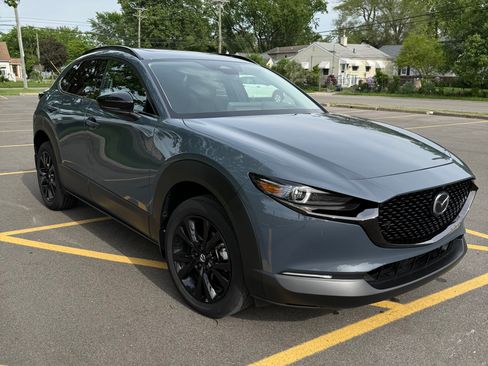 Used 2025 MAZDA CX-30 2.5 Turbo w/ Premium Plus Pkg AWD/4WD image 9
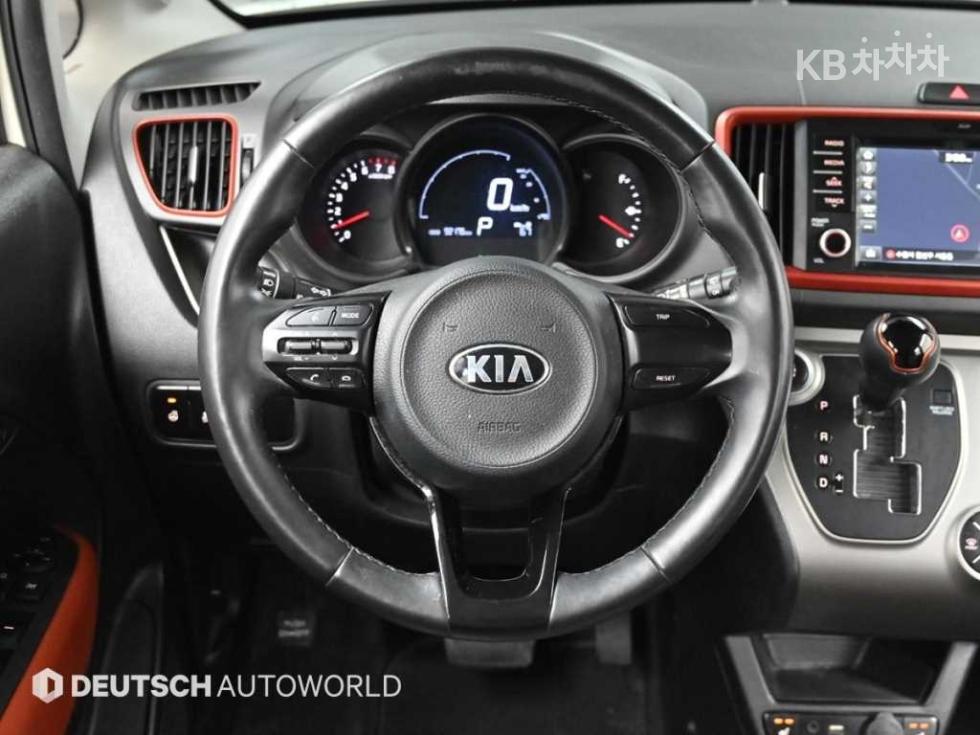 2018 - kia ray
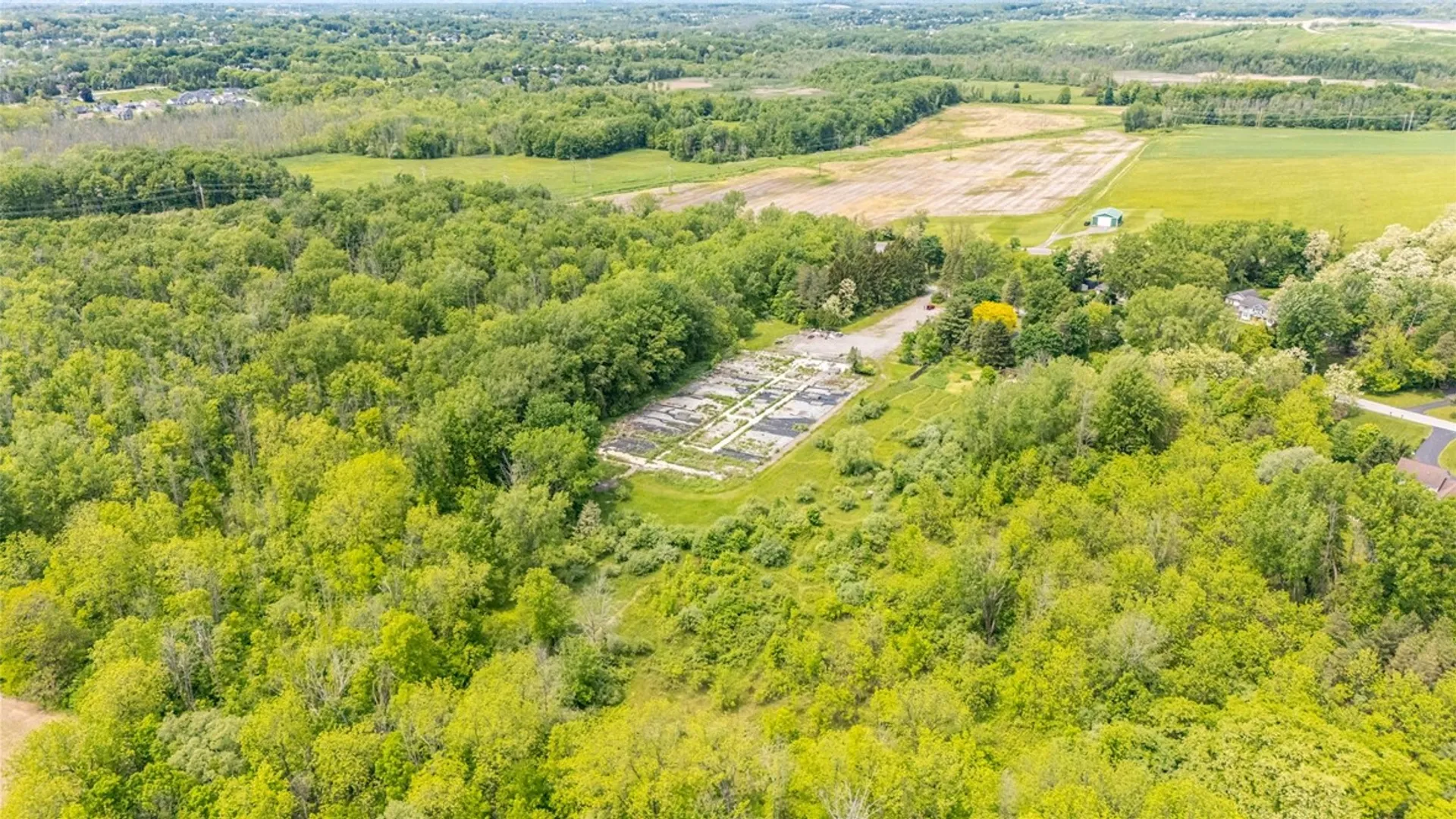 Property at 23 Pannell Circle, Perinton, NY 14450 4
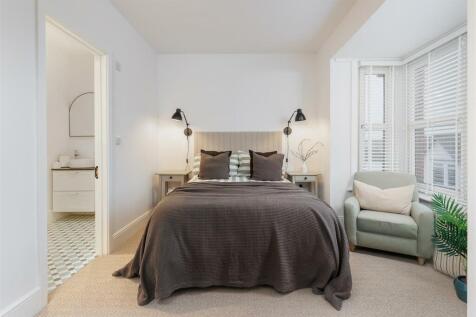 Principal Bedroom 2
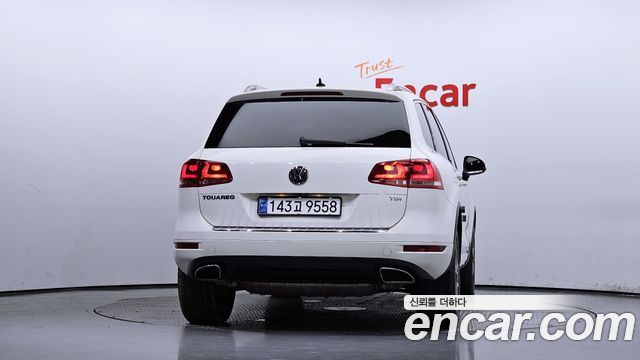 Volkswagen Touareg V6 3.0 TDI Bluemotion 7P5 — пробег 165 418 км — фото 4 из 5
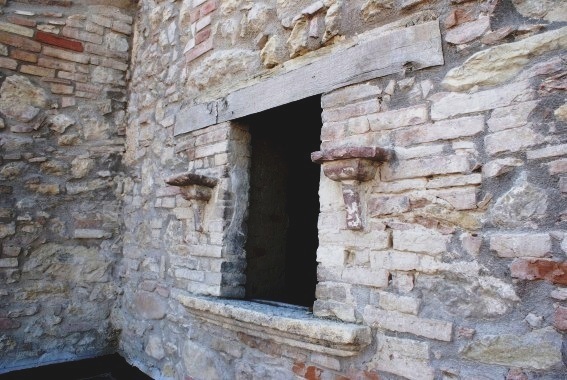 Villa Sciarra di Torricella Sicura (Te): mensole reggilumi a Palazzo Sciarra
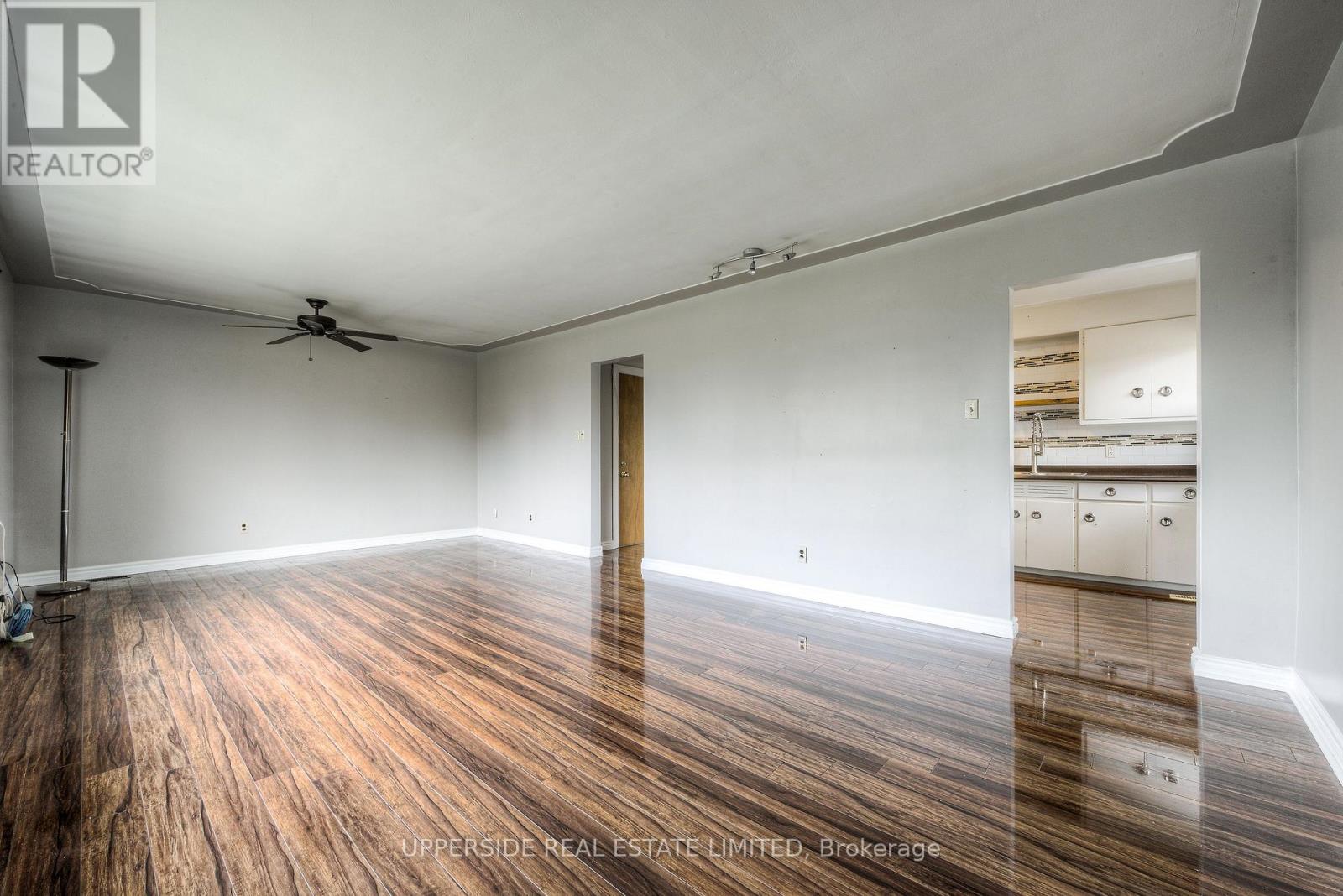 MLS® listing #29130549 for sale located at 3 - 7 BALMORAL DRIVE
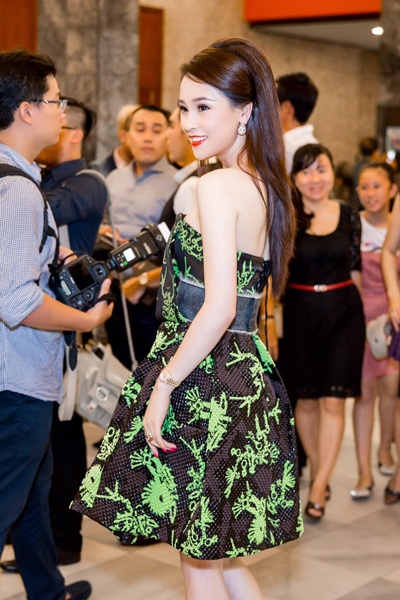 Á hậu Thái Như Ngọc khoe làn da trắng nõn nà - 3 Á hậu Nữ hoàng Trang sức 2007 cũng là người kín đáo chuyện riêng tư. Dù là người đẹp nổi tiếng nhưng hầu hết Thái Như Ngọc đều đi dự sự kiện một mình mà không có người đàn ông nào hộ tống.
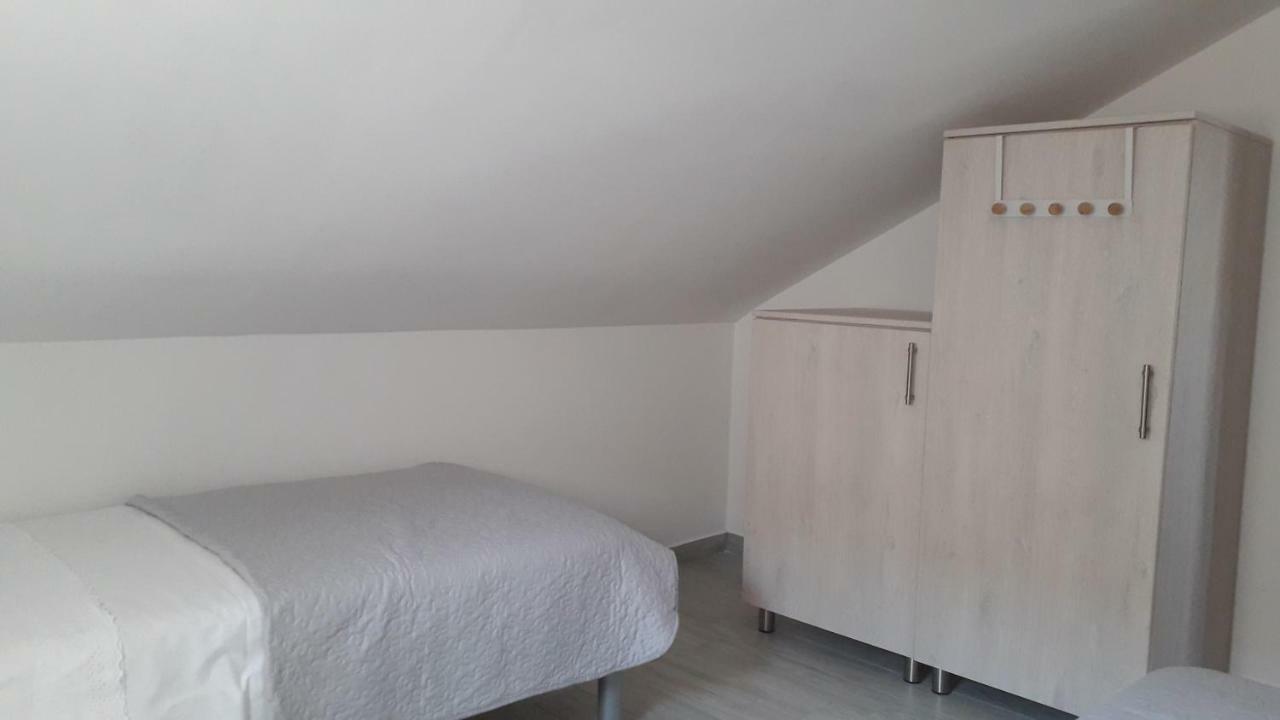 Apartmani Zilic ดูกีรัท ภายนอก รูปภาพ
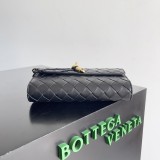 Bottega Veneta Original Knot Cltuch bag 1B24081119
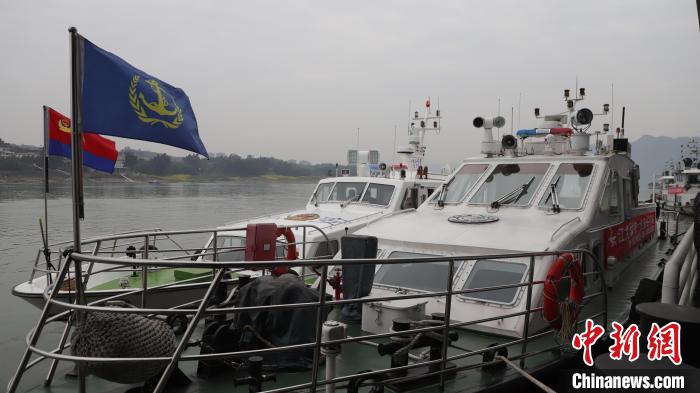 聯(lián)合巡江守護(hù)活動(dòng)現(xiàn)場?！〗部h融媒體中心 攝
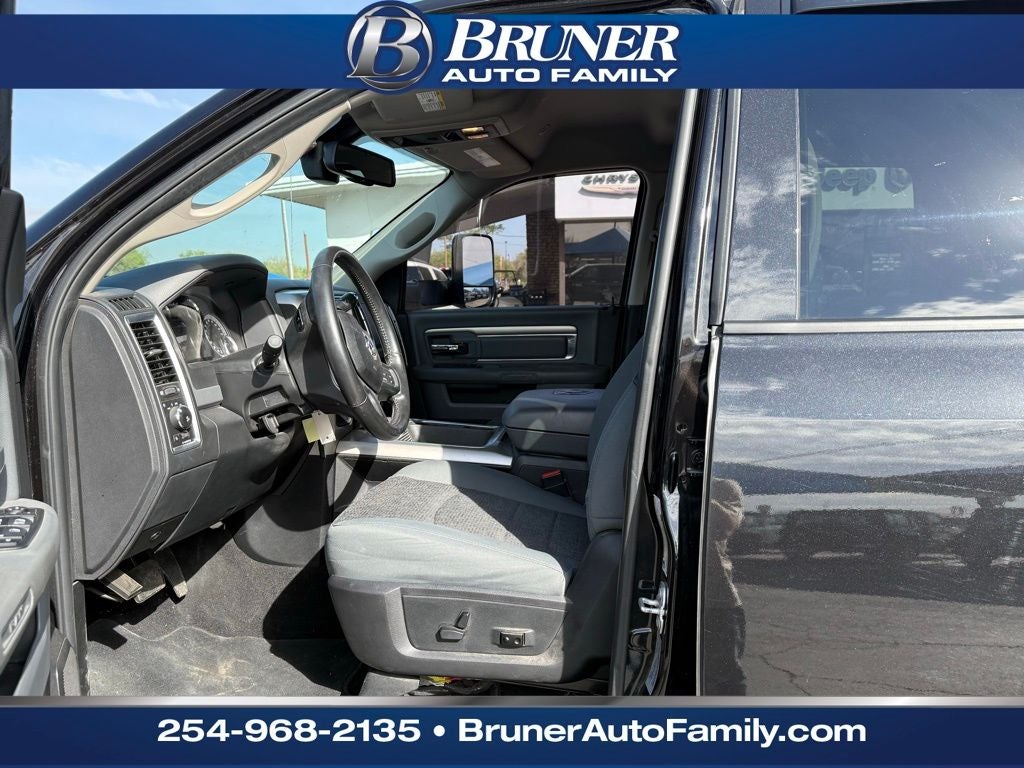 2017 RAM 3500 Lone Star Mega Cab 4x4 6'4' Box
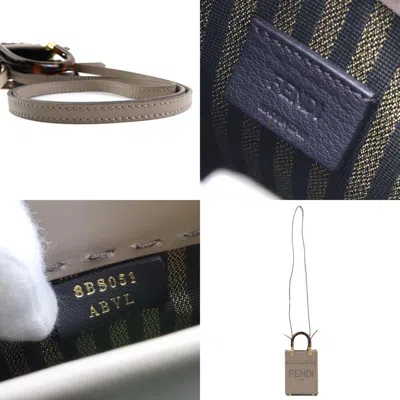 Pre-owned Fendi Grayish Leather Shoulder Bag ()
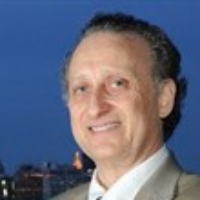 Dr. Robert  Korwin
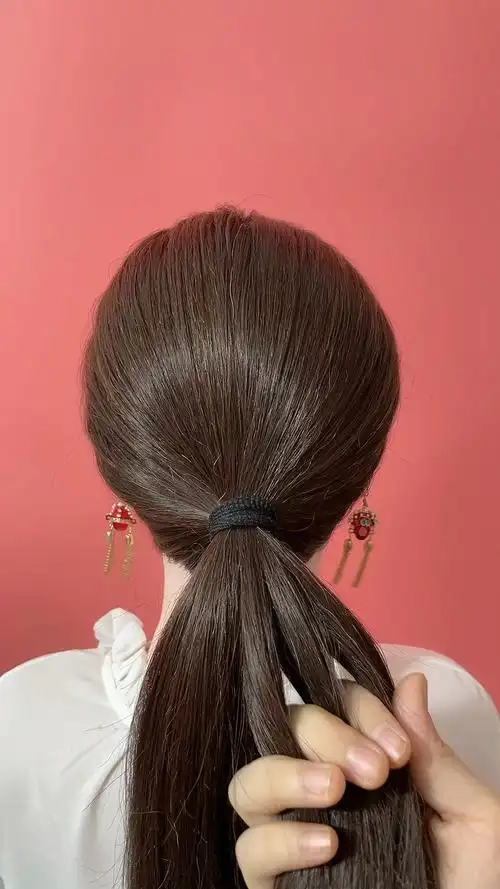 全民最火编发#穿旗袍头发这样扎才显发量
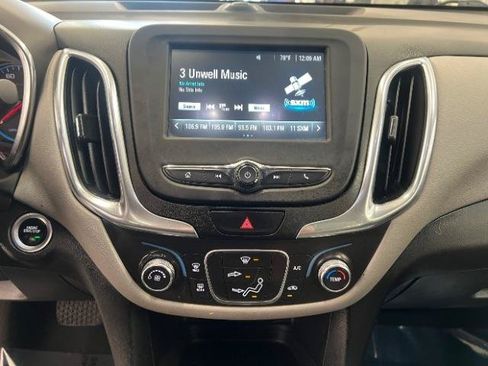 Used 2018 Chevrolet Equinox LT FWD image 14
######
Problem: Print, exactly as written, the lines from the one containing "全民最火编发#穿旗袍头发这样扎才显发量" to the end of the material, both ends included, and nothing else; no pictures.

Result of this task:
 全民最火编发#穿旗袍头发这样扎才显发量
 Used 2018 Chevrolet Equinox LT FWD image 14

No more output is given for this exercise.